This specific example was for GenTools. Other package will do different things that make sense for them. To learn what each package does you can read the Configure and/or helper code or you can read its inlined documentation via the pydoc program. Some related examples of this latter method:

shell> pydoc GenTools.Helpers
Help on module GenTools.Helpers in GenTools:

NAME
    GenTools.Helpers

FILE
    /path/to/NuWa-trunk/dybgaudi/InstallArea/python/GenTools/Helpers.py

DESCRIPTION
    Several helper classes to assist in configuring GenTools.  They
    assume geometry has already been setup.  The helper classes that
    produce tools need to define a "tools()" method that returns an
    ordered list of what tools it created.  Users of these helper classes
    should use them like:

CLASSES
    Gun
    HepEVT
...

shell> pydoc GenTools.Helpers.Gun
Help on class Gun in GenTools.Helpers:

GenTools.Helpers.Gun = class Gun
 |  Configure a particle gun based kinematics
 |
 |  Methods defined here:
 |
 |  __init__(self, ...)
 |      Construct the configuration.  Coustom configured tools can
 |      be passed in or customization can be done after construction
 |      using the data members:
 |
 |      .gun
 |      .positioner
 |      .timerator
 |      .transformer
 |
 |      The GtGenerator alg is available from the .generatorAlg member.
 |
 |      They can be accessed for additional, direct configuration.
...

User Job Option Modules

A second, complimentary high-level configuration method is to collect lower level code into a user job module. These are normal Python modules and as such are defined in a file that exist in the users current working, in the packages python/ sub directory or otherwise in a location in the user’s PYTHONPATH.

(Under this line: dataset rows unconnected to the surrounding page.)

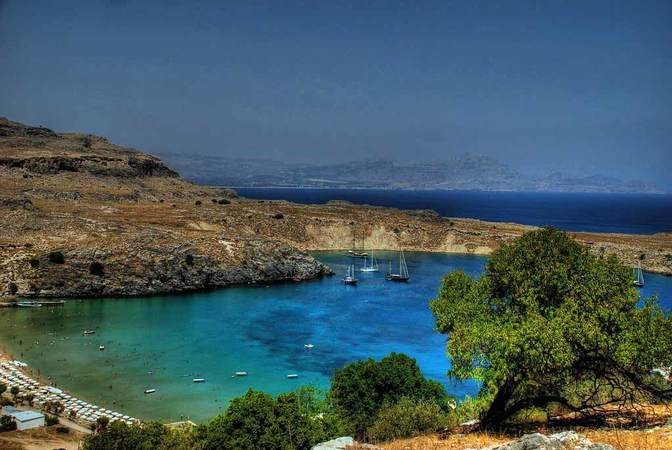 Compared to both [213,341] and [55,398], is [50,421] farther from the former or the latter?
[213,341]

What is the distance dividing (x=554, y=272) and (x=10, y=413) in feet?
123

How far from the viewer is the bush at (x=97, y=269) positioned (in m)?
79.5

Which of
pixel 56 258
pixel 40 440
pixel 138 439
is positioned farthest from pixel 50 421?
pixel 56 258

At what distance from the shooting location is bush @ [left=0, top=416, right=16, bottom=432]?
111 ft

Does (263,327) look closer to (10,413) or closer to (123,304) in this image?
(123,304)

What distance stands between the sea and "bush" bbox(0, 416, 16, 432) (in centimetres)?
637

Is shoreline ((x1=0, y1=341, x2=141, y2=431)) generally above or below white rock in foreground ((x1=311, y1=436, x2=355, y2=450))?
below

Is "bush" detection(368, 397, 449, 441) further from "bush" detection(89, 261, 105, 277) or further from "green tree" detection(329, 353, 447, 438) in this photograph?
"bush" detection(89, 261, 105, 277)

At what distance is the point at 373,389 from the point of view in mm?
33125

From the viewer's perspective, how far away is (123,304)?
74250 millimetres

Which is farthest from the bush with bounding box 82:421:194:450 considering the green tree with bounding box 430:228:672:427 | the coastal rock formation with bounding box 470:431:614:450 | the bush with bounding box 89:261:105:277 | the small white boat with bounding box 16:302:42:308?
the bush with bounding box 89:261:105:277

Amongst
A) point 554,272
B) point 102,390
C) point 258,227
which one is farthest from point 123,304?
point 554,272

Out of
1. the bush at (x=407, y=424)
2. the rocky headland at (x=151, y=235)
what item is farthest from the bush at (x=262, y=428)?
the rocky headland at (x=151, y=235)

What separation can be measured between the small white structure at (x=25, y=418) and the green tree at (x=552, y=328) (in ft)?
97.0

Any top level code will be evaluated as the module is imported in the context of configuration (same as job option scripts). But, these modules can supply some methods, named by convention, that can allow additional functionality.

configure(argv=[])
This method can hold all the same type of configuration code that the job option scripts do. This method will be called just after the module is imported. Any command line options given to the module will be available in argv list.
run(appMgr)
This method can hold code that is to be executed after the configuration stage has finished and all configuration has been applied to the actual underlying C++ objects. In particular, you can define pure-Python algorithms and add them to the TopAlg list.

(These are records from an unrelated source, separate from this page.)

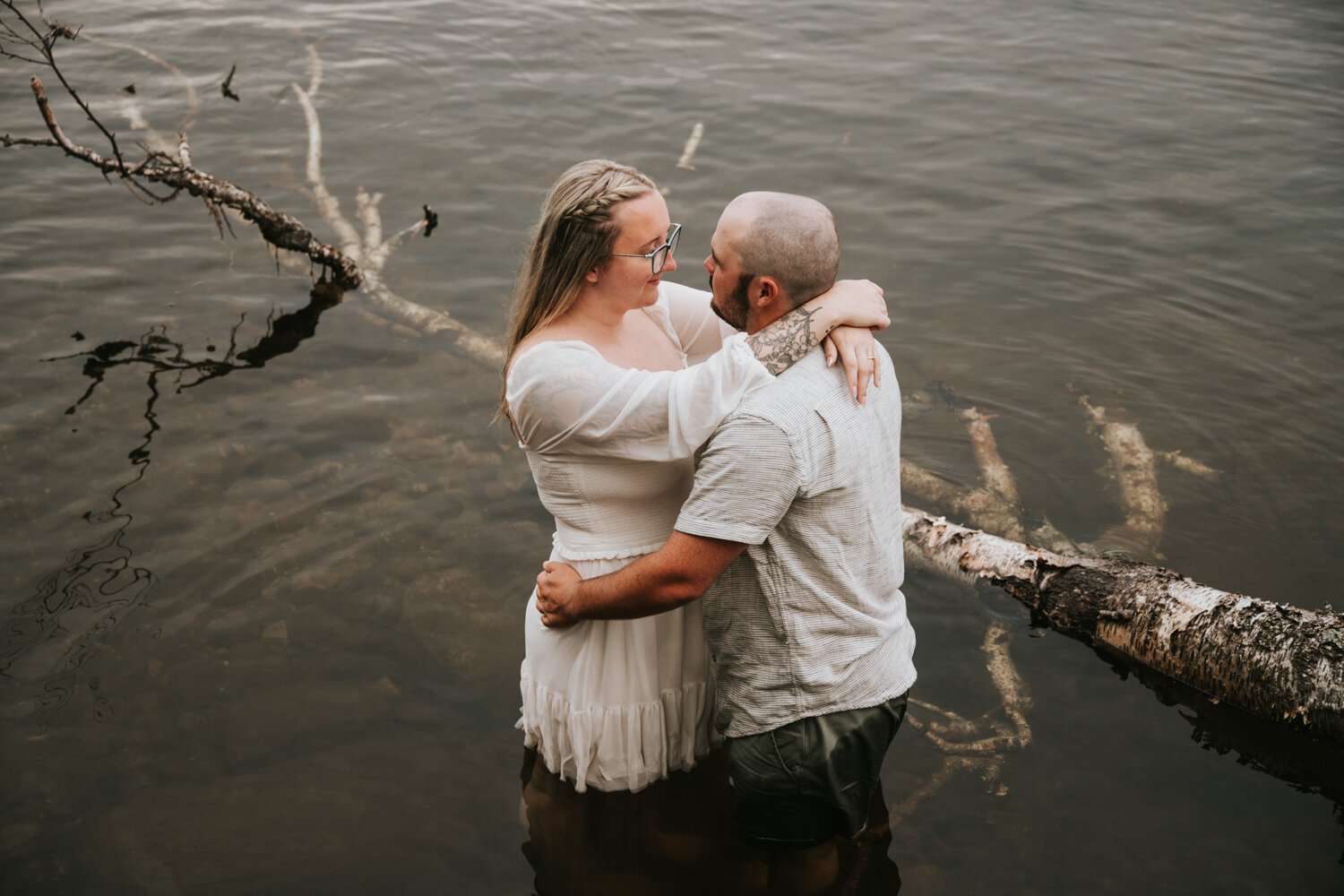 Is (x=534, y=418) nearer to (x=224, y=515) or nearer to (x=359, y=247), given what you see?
(x=224, y=515)

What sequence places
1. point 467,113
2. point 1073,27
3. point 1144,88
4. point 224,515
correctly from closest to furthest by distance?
point 224,515
point 467,113
point 1144,88
point 1073,27

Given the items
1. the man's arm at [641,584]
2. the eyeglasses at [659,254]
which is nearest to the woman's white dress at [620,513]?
the man's arm at [641,584]

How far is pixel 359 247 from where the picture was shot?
28.9 feet

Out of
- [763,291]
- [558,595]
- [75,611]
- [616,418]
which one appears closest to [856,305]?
[763,291]

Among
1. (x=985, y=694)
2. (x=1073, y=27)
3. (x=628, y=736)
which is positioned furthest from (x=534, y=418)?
(x=1073, y=27)

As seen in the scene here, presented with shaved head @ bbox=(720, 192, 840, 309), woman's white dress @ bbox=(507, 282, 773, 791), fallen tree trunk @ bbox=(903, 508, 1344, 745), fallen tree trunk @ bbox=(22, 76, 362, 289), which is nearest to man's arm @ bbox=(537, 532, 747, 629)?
woman's white dress @ bbox=(507, 282, 773, 791)

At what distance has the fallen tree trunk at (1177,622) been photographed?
4215 mm

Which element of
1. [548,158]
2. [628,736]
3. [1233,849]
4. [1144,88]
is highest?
[1144,88]

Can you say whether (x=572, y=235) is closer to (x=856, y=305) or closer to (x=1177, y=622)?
(x=856, y=305)

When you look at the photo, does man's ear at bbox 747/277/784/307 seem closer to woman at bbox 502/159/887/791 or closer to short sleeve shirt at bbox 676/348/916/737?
woman at bbox 502/159/887/791

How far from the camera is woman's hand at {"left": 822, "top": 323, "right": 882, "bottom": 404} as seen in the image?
286 cm

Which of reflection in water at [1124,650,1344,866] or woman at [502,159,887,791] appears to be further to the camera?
Answer: reflection in water at [1124,650,1344,866]

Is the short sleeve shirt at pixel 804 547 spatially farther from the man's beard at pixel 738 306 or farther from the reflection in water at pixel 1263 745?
the reflection in water at pixel 1263 745

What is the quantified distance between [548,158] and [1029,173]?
520 cm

There are many examples Job Option Modules in the code. Here are some specific ones.

GenTools.Test
this module [2] gives an example of a configure(argv=[]) function that parses command line options. Following it will allow users to access the command line usage by simply running — nuwa.py -m 'GenTools.Test --help'.
DivingIn.Example
this module [3] gives an example of a Job Option Module that takes no command line arguments and configures a Python Algorithm class into the job.

The nuwa.py main script

Finally, there is the layer on top of it all. This is a main Python script called nuwa.py which collects all the layers below. This script provides the following features:

  • A single, main script everyone uses.
  • Configures framework level things
  • Python, interactive vs. batch
  • Logging level and color
  • File I/O, specify input or output files on the command line
  • Geometry
  • Use or not of the archive event store
  • Access to visualization
  • Running of user job option scripts and/or loading of modules

After setting up your environment in the usual way the nuwa.py script should be in your execution PATH. You can get a short help screen by just typing [4]:

shell> nuwa.py --help
Usage:
    This is the main program to run NuWa offline jobs.

    It provides a job with a minimal, standard setup.  Non standard
    behavior can made using command line options or providing additional
    configuration in the form of python files or modules to load.

    Usage:

      nuwa.py [options] [-m|--module "mod.ule --mod-arg ..."] \
              [config1.py config2.py ...] \
              [mod.ule1 mod.ule2 ...] \
              [input1.root input2.root ...]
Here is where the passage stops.